EILID: Execution Integrity for Low-end IoT Devices

EILID Paper (DATE'25) - arXiv

Prior research yielded many techniques to mitigate software compromise for low-end Internet of Things (IoT) devices. Some of them detect software modifications via remote attestation and similar services, while others preventatively ensure software (static) integrity. However, achieving run-time (dynamic) security, e.g., control-flow integrity (CFI), remains a challenge.

Control-flow attestation (CFA) is one approach that minimizes the burden on devices. However, CFA is not a real-time countermeasure against run-time attacks since it requires communication with a verifying entity. This poses significant risks if safety- or time-critical tasks have memory vulnerabilities.

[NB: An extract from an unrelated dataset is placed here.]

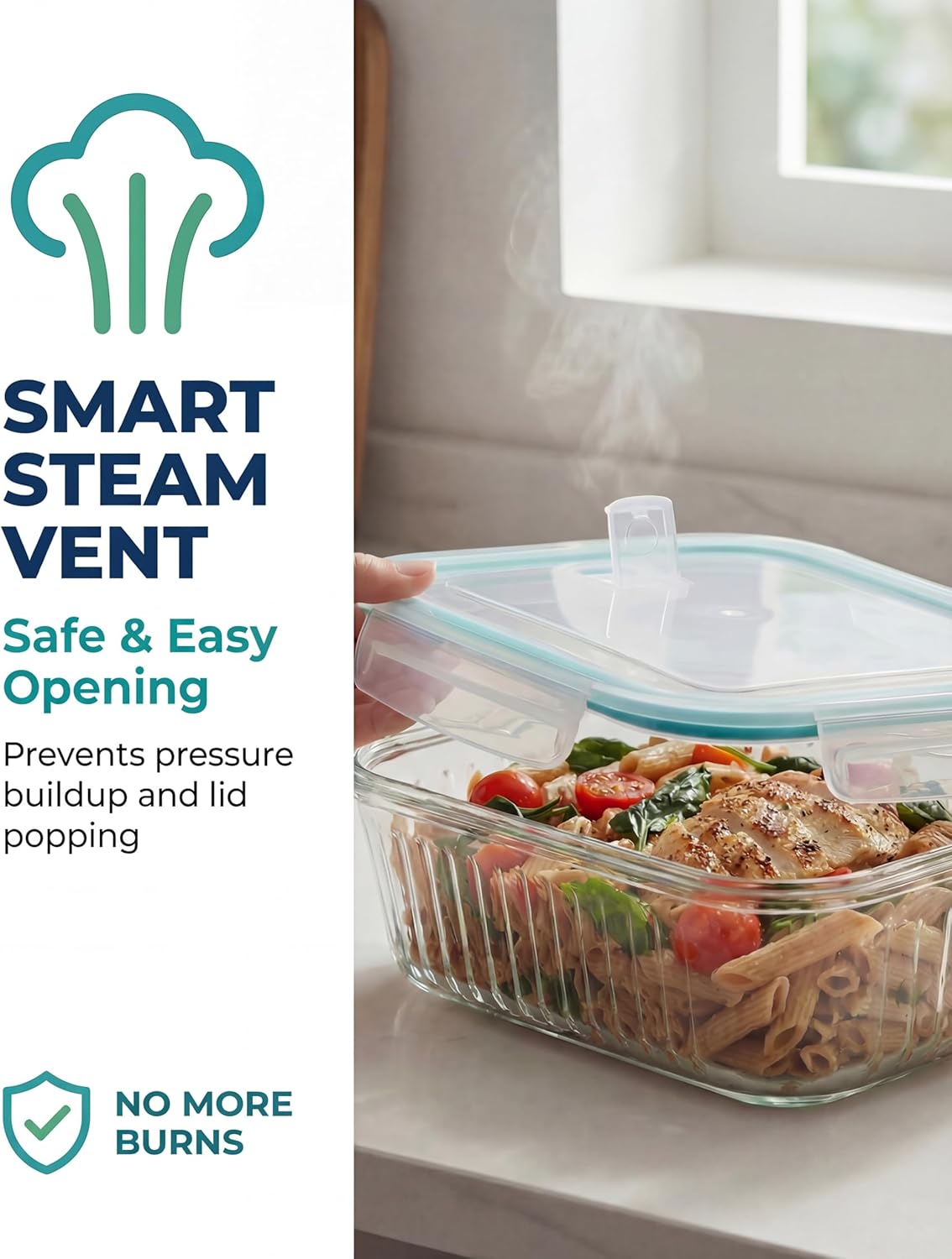 5-Packs, 36 Oz Glass Meal Prep - Meal Prep Glass Containers ulasan dan harga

To address this issue, we construct EILID – a hybrid architecture that ensures software execution integrity by actively monitoring control-flow violations on low-end devices. EILID is built atop CASU, a prevention-based (i.e., active) hybrid Root-of-Trust (RoT) that guarantees software immutability. EILID achieves fine-grained backward-edge and function-level forward-edge CFI via semi-automatic code instrumentation and a secure shadow stack.

EILID Directory Structure

    eilid
    ├── cfi
    │   └── instrumentation
    ├── eilid
    │   ├── hw-mod
    │   └── sw-att
    │       └── hacl-c
    ├── examples
    │   ├── charlieswitch
    │   ├── firesensor
    │   ├── lcd
    │   ├── lightsensor
    │   ├── syringepump
    │   ├── tempsensor
    │   └── ultrasonic
    ├── msp_bin
    ├── openmsp430
    │   ├── contraints_fpga
    │   ├── fpga
    │   ├── msp_core
    │   ├── msp_memory
    │   ├── msp_periph
    │   └── simulation
    ├── scripts
    │   ├── build
    │   └── verif-tools
    ├── secure_update
    ├── simulation
    ├── utils
    └── verification_specs
        └── soundness_and_security_proofs

Dependencies

Environment (processor and OS) used for development and verification: Intel i5-11400 Ubuntu 22.04.3 LTS

Dependencies on Ubuntu:

	sudo apt-get install bison pkg-config gawk clang flex gcc-msp430 iverilog gzip tcl
	cd scripts && make install

To run soundness and security proofs, install Spot: https://spot.lrde.epita.fr/install.html

If an error happens as below, you may need to set 'sh' to point to 'bash', not 'dash'.

build.sh: 24: [: Linux: unexpected operator

sudo rm /bin/sh; sudo ln -n bash /bin/sh

Building EILID Software

For fair evaluations, EILID has 7 sample applications from different public repositories.

1. Chaile Switch
2. Fire Sensor
3. Lcd
4. Light Sensor
5. Syringe Pump
6. Temp Sensor
7. Ultrasonic Ranger

To generate the Microcontroller program memory configuration containing EILID authorized software (SW-Att) and sample application (in example directory) code run:

    cd script
    make [charlieswitch/firesensor/lcd/lightsensor/syringepump/tempsensor/ultrasonic]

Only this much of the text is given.